『シンゴの旅ゆけば~!(101)ダライ・ラマに会いにいく③』

夕方になって、めちゃくちゃ冷え込んできたので、そこらの露天で毛布を買い(ヤクという毛の長い牛みたいな動物の毛でできている)身体にぐるぐる巻きにして、ホテルを探し続けた。結局見つかったのだけど、町外れというよりも、町じゃないよなってくらい殺風景な山の中に建っている古いアパートみたいなホテルで、前にも書いたけど、シャワーが出なかった。まぁ、この時期はそもそも水の少ないダラムサーラーだから、どこに行ってもシャワーなんて超贅沢ということになっていたそうだけど。
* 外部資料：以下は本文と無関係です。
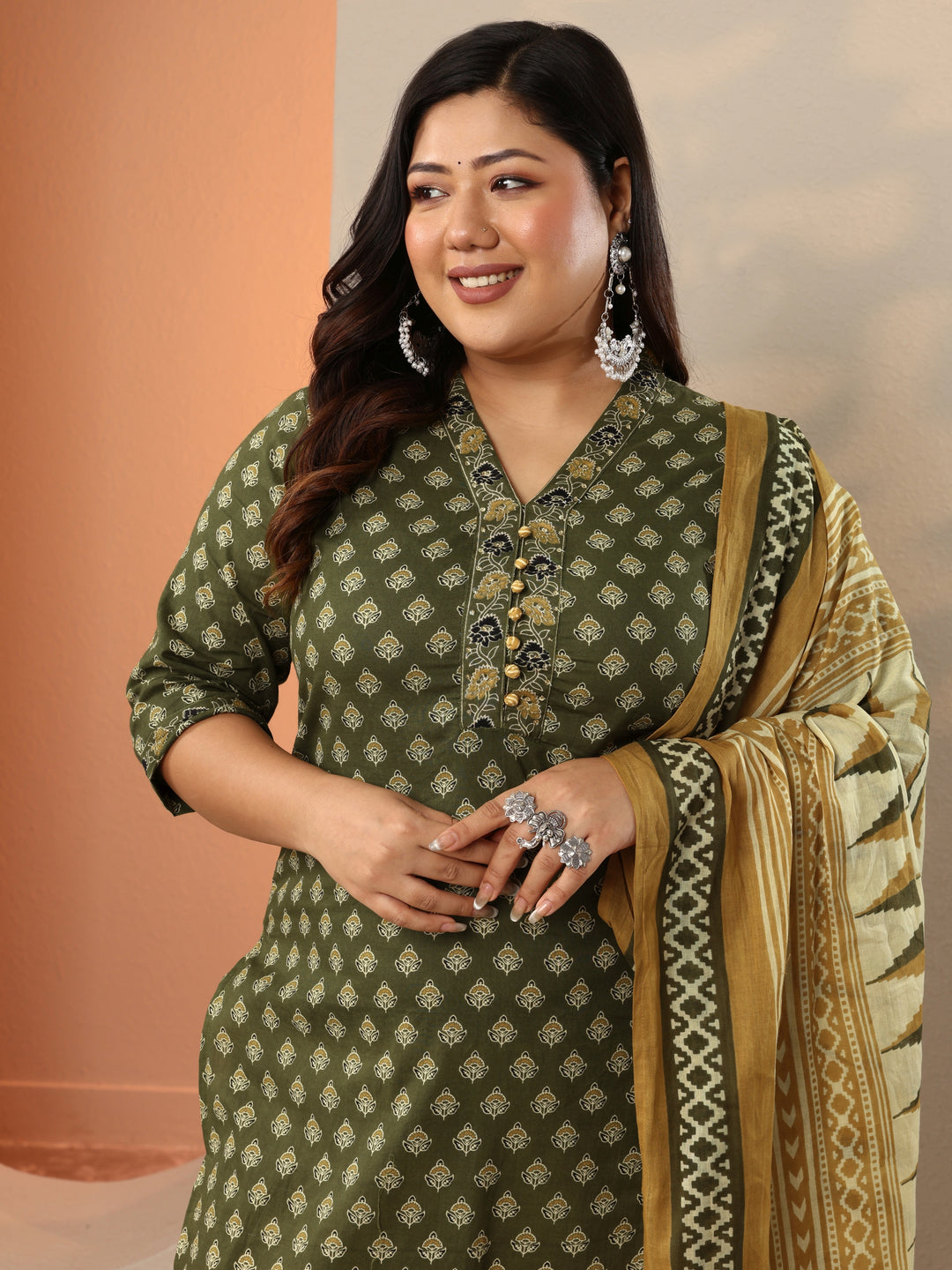 Plus Size Green Printed Cotton Straight Suit Set With Dupatta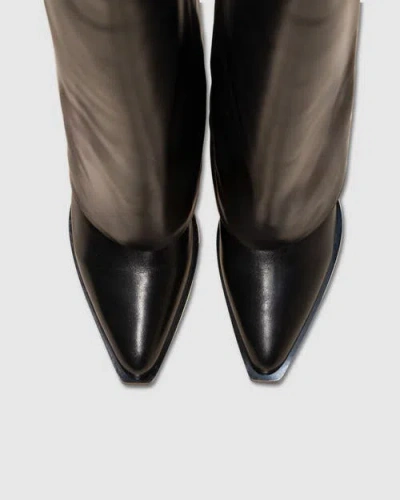 Mi/mai Joan Leather Cuff Boots In Black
ホテルを経営している兄弟はいい連中で、雨が降ると…シンゴ、シャワータイムだって俺を呼びにくる。シャンプーやら石鹸やらを持って屋上に上がり、5度くらいしかない気温の中で雨シャワーで身体を洗った。あんまり状況がひどくなると、人間ってもう笑うしかないって気持ちになるみたいで、ヤバい、このままシャンプーの泡まみれで死ぬかもとか考えると、ゲラゲラ笑ってしまう。
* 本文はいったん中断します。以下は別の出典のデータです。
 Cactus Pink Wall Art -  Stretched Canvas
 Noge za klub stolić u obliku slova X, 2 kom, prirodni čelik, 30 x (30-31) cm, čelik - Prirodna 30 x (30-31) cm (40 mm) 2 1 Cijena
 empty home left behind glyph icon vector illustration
インド人2人と、日本人1人が、雨の中全裸でゲラゲラ笑っているのって、ちょっとした見ものだったろうけどね。

それでまぁ、仏教講座の日まで、特別することもないのでダラダラしていたのだけど、ダライ・ラマ法王の説法はチベット語で行うので、チベット語が分からない人は、各自ラジオを用意してください。英語やヒンディーに同時通訳した説法が聞けますという張り紙が亡命政府の入り口や、町のあちこちに貼られて…そうか、ラジオを手に入れないといけないなということになった。

あちこち電気屋さんとか、ちょっとした雑貨屋みたいなところを訪ね歩いたのけど、それはまぁ、ないよね。早々に諦めて、せめて雰囲気だけでもってことでいいかと思っていたら…ホテルの兄弟が、うちのラジオ使えばいいじゃんって声をかけてくれた。

なんてありがたい。黙っていると殺し屋にしか見えない兄貴の方が、この時ばかりは天使に見えた。